Pursuant to Section 19(b)(1) of the Securities Exchange Act of 1934 (“Act”), and Rule 19b-4 thereunder, notice is hereby given that on June 14, 2021, The Nasdaq Stock Market LLC (“Nasdaq” or “Exchange”) filed with the Securities and Exchange Commission (“SEC” or “Commission”) the proposed rule change as described in Items I and II below, which Items have been prepared by the Exchange. The Commission is publishing this notice to solicit comments on the proposed rule change from interested persons.

17 CFR 240.19b-4.

I. Self-Regulatory Organization's Statement of the Terms of Substance of the Proposed Rule Change

The Exchange proposes to amend General 9, Section 18, Payments for Market Making. The text of the proposed rule change is available on the Exchange's website at https://listingcenter.nasdaq.com/rulebook/nasdaq/rules,, at the principal office of the Exchange, and at the Commission's Public Reference Room.

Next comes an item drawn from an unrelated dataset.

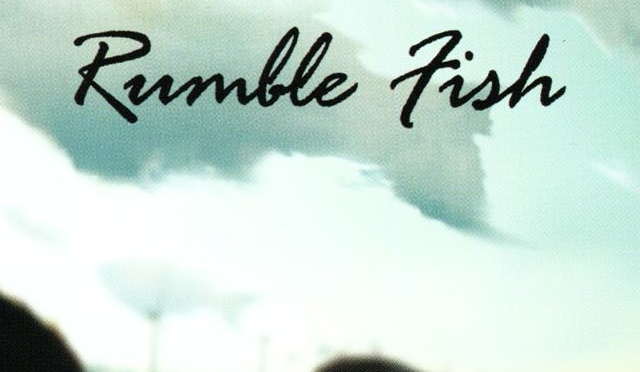 Rumble Fish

II. Self-Regulatory Organization's Statement of the Purpose of, and Statutory Basis for, the Proposed Rule Change

In its filing with the Commission, the Exchange included statements concerning the purpose of and basis for the proposed rule change and discussed any comments it received on the proposed rule change. The text of these statements may be examined at the places specified in Item IV below. The Exchange has prepared summaries, set forth in sections A, B, and C below, of the most significant aspects of such statements.

A. Self-Regulatory Organization's Statement of the Purpose of, and Statutory Basis for, the Proposed Rule Change

1. Purpose

The Exchange proposes to amend General 9, Section 18, Payments for Market Making to align General 9, Section 18 with FINRA Rule 5250, Payments for Market Making. Specifically, the Exchange proposes to replace General 9, Section 18 with rule text incorporating FINRA Rule 5250 by reference. The Exchange also proposes to incorporate by reference the definition “affiliate” and the related definitions within FINRA Rule 5121 for purposes of FINRA Rule 5250.

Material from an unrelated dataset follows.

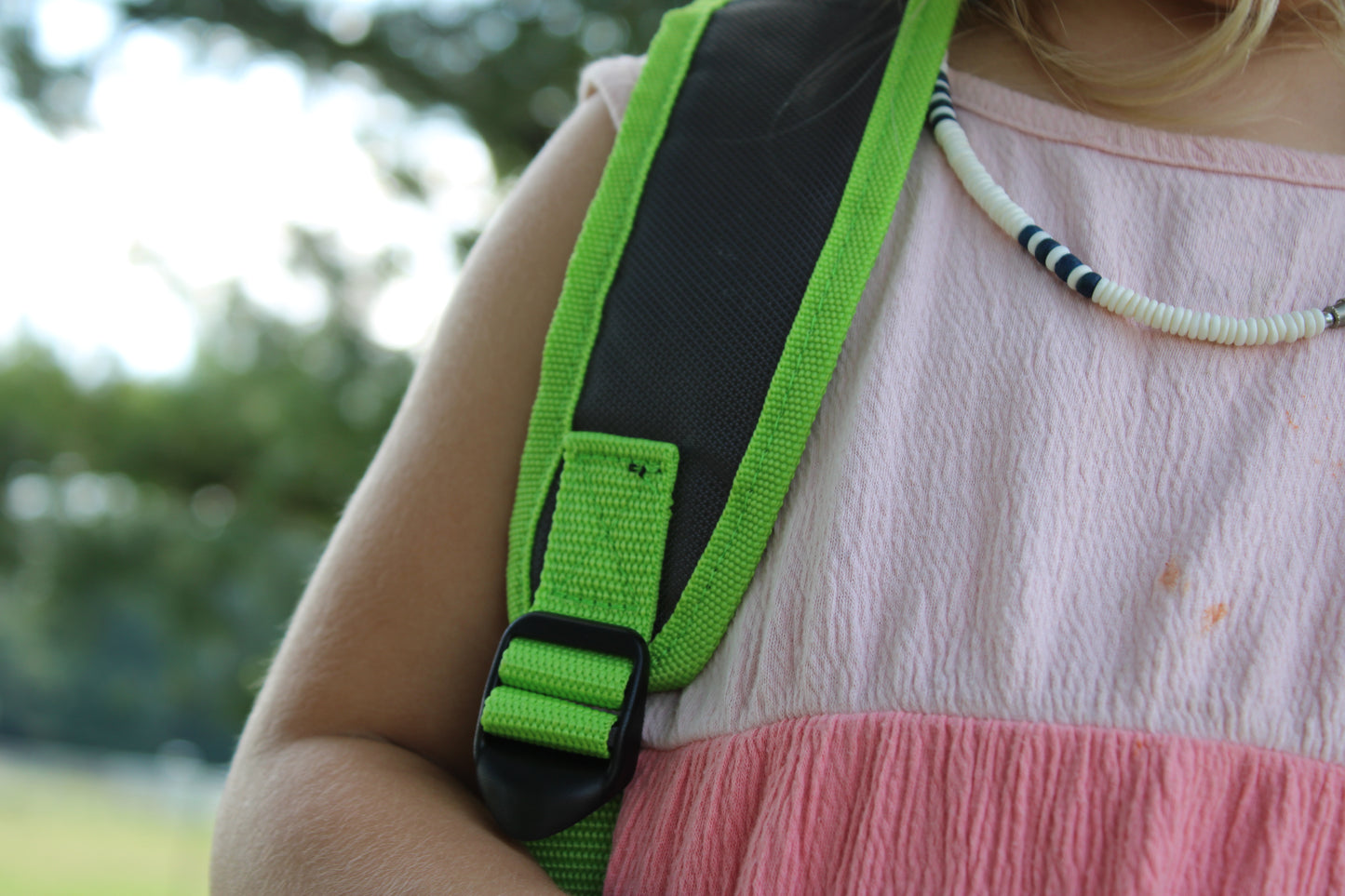 Kids Classic Ropes® Bag Backpack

The Exchange will separately request an exemption from the rule filing requirements of Section 19(b) of the Act in requesting to incorporate FINRA Rule 5250 and the definition of “affiliate” and the related definitions within FINRA Rule 5121 to the extent General 9, Section 18 is affected solely by virtue of a change to FINRA Rule 5250 or to such definitions within FINRA Rule 5121. The Exchange's proposed rule change will not become operative unless and until the Commission grants this exemption request.

By way of background, General 9, Section 18 and FINRA Rule 5250 explicitly prohibit any payment by issuers or issuers' affiliates and promoters, directly or indirectly, to a member or person associated with a member for publishing a quotation, acting as a market maker, or submitting an application in connection therewith. The respective rules are intended, among other things, to prohibit members from receiving compensation or other payments from an issuer for quoting or making a market in the issuer's securities and to assure that members act in an independent capacity when publishing a quotation or making a market in an issuer's securities.

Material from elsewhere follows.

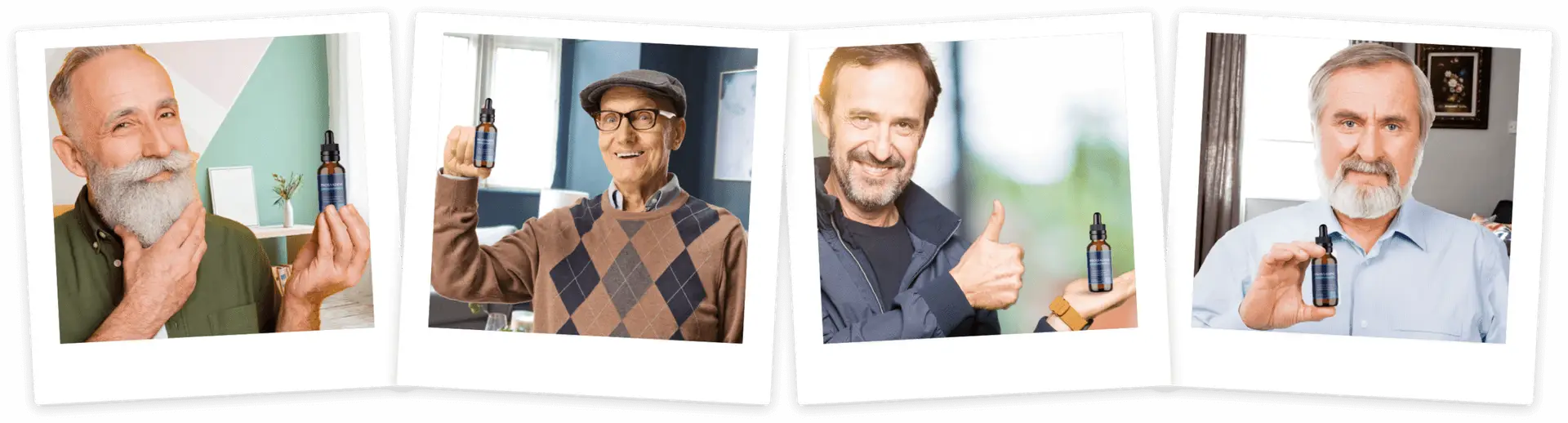 customers of prostadine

Today, there are several differences between current General 9, Section 18 and FINRA Rule 5250. The Exchange's proposal to replace General 9, Section 18 with an incorporation by reference to FINRA Rule 5250 will align Nasdaq's rule to FINRA's rule. The Exchange explains the differences below.

First, by incorporating FINRA Rule 5250, the Exchange would incorporate FINRA's rule which states that members are not precluded from accepting “any payment expressly provided for under the rules of a national securities exchange that are effective after being filed with, or filed with and approved by, the SEC pursuant to the requirements of the Exchange Act.” General 9, Section 18 currently does not include this exception. FINRA previously amended Rule 5250 to account for cases where a market maker payment is provided for under the rules of an exchange that are effective after being filed with, or filed with and approved by, the Commission pursuant to the requirements of the Act. FINRA noted in its 2013 Rule Change that comity should be afforded to such exchange rulemaking and the payment should not be prohibited under Rule 5250. The 2013 Rule Change cited to Nasdaq's Market Quality Program as an example of such exchange rulemaking. Incorporating this exception from FINRA's rule would ensure consistent regulation of joint members of the Exchange and FINRA.

See Securities Exchange Act Release No. 69398 (April 18, 2013), 78 FR 24261 (April 24, 2013) (SR-FINRA-2013-020) (Notice of Filing and Immediate Effectiveness of a Proposed Rule Change Relating to FINRA Rule 5250 (Payments for Market Making) (“2013 Rule Change”).

Id.

See 2013 Rule Change (citing to Securities Exchange Act Release No. 69195). See also Securities Exchange Act Release No. 69195 (March 20, 2013), 78 FR 18393 (March 26, 2013) (SR-NASDAQ-2012-137) (Order Granting Approval of a Proposed Rule Change, as Modified by Amendment Nos. 1 and 3 Thereto, To Establish the Market Quality Program).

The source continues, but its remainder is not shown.